Dear Norman,
Thank you for sharing your plan. It enlights me on the big picture. I agree, it does not have to be bound in usage with the 'depot_download_manager'. My motivation was to ensure that a depot clean-up task would not interfere with others. Likely this would be part of an automated process for us. We can manage it out of the 'depot_download_manager' picture.
Would that configuration interface satisfy your needs?
Yes! The proposed configuration scheme fits our needs and yours, I assume, for using it interactively in Sculpt.
For the directory traversal and file operations, it may be useful to take the implementation of the depot_query and fs_tool components as inspiration.
Thanks for pointing those out. It will be helpful!

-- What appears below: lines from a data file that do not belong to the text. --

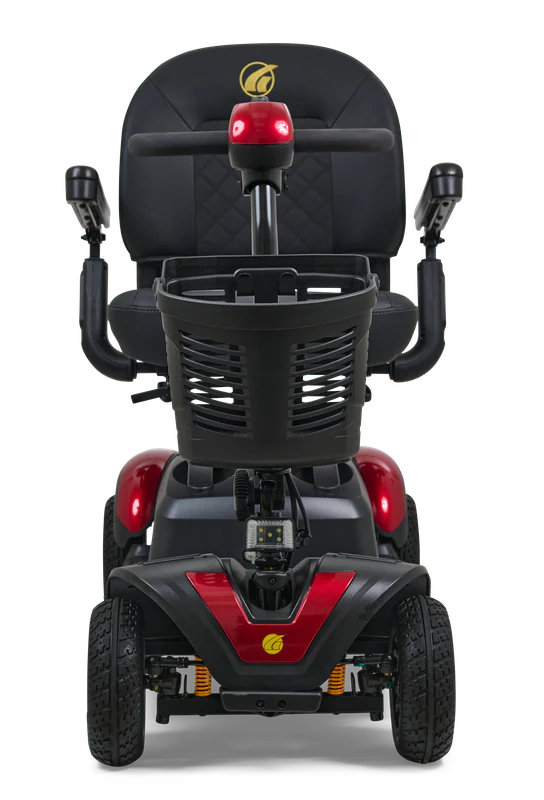 buzzaround ex 4 wheel gb148 mobility scooter buzzaround ex 4 wheel gb148 mobility scooter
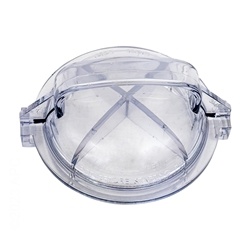 354531 | Pump Lid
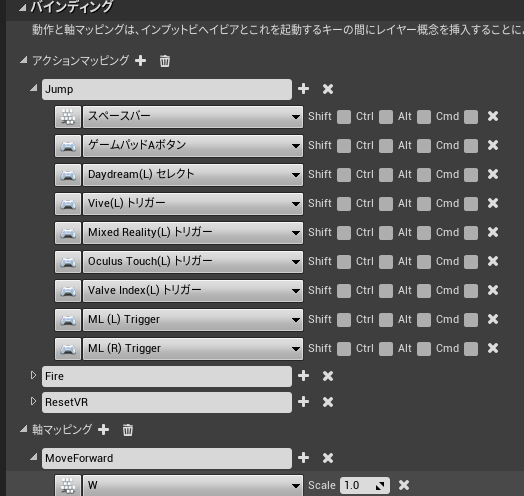 f:id:namiton:20220222130631p:plain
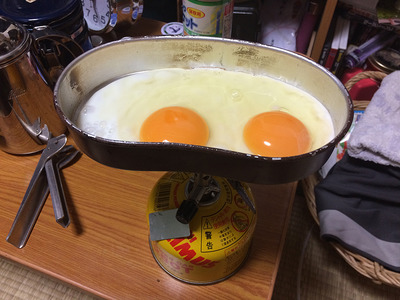 20150530_012707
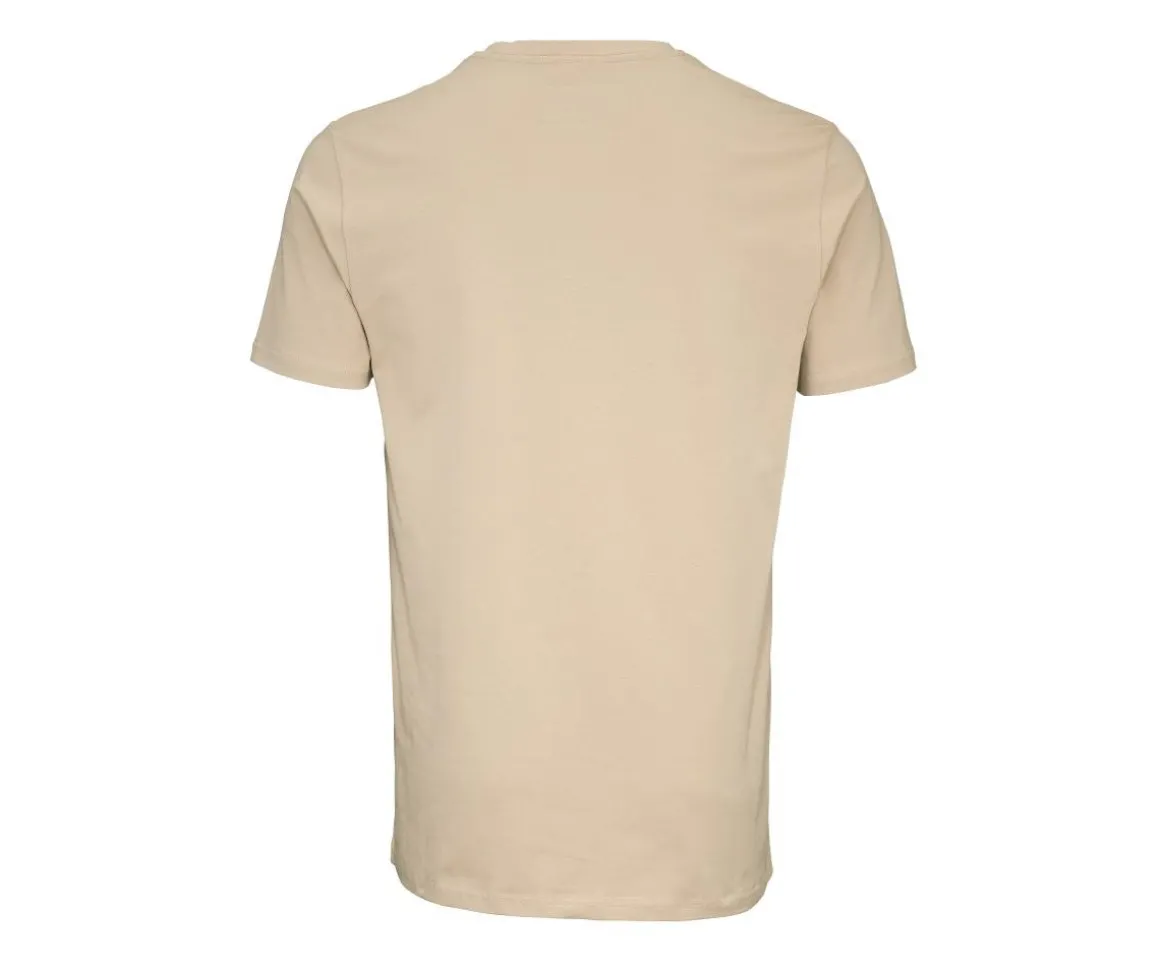 Ccm T-Shirt Core Sr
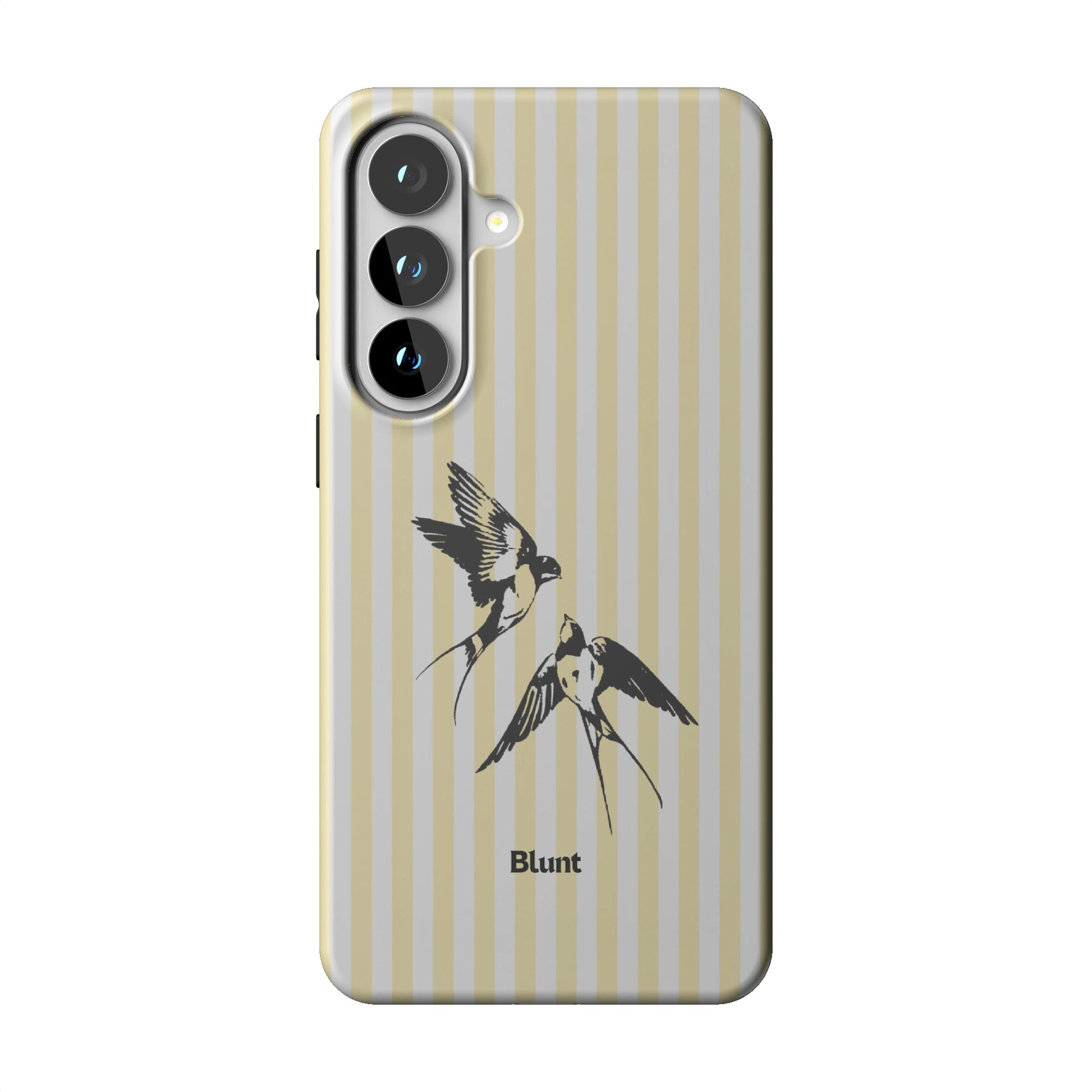 Samsung_S26_Plus_1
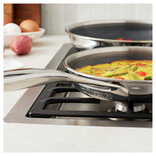 Zwilling Electric Salt & Pepper Mills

There is one open question, though: A pkg archive file can refer to other pkgs, which are implicitly installed.
The way I envision the implementation is as follows:
1. It creates a graph representing the depot state by traversing it. The graph is implemented with a dictionary. Each node uses as a key a 'Depot::Archive::Path' and as a value a list of 'Depot::Archive::Path' that are dependencies neighbours. Graph nodes can be of any archive type.
2. First, it goes through the packages. As you said, it registers dependencies. It also creates nodes for any dependencies archive pointing to their referenced 'pkgs'. Thus, this creates loops in the graph between dependencies.
3. It iterates over its config and performs the required actions.
4. When a package is deleted, it traverses the neighbour dependencies list. Colours them for deletion, and remove the package reference. If a node has an empty list of neighbours, it can be deleted safely, as it isn't in use any more.
It would be nice to include such implicitly installed pkgs in the garbage connection.
When a package depends on another package, it will be coloured for deletion as any other dependency.
However, there is a pitfall. If a package has another 'pkg' in its dependencies, it is unclear if it is here because it is present in the 'archives' list or because it is a dependency itself.
This can be solved by comparing the node neighbours list with the 'pkg/<name>/archives'. If it matches, the current 'pkg' node can be coloured for deletion. Otherwise, it means that this 'pkg' is also a dependency of another 'pkg'. Thus it is not coloured for deletion.
This way, I believe there is no need for persistent annotation of 'pkg' dependencies by the 'depot_download_manager'. I am concerned by the performance of such an algorithm and would have to finish a first implementation for certainty. As the dictionary is implemented with an AVL, it should perform in a reasonable time.
Do you think that the rough plan above is sensible?
It looks good to me. I will proceed in this direction.
Cheers, Alice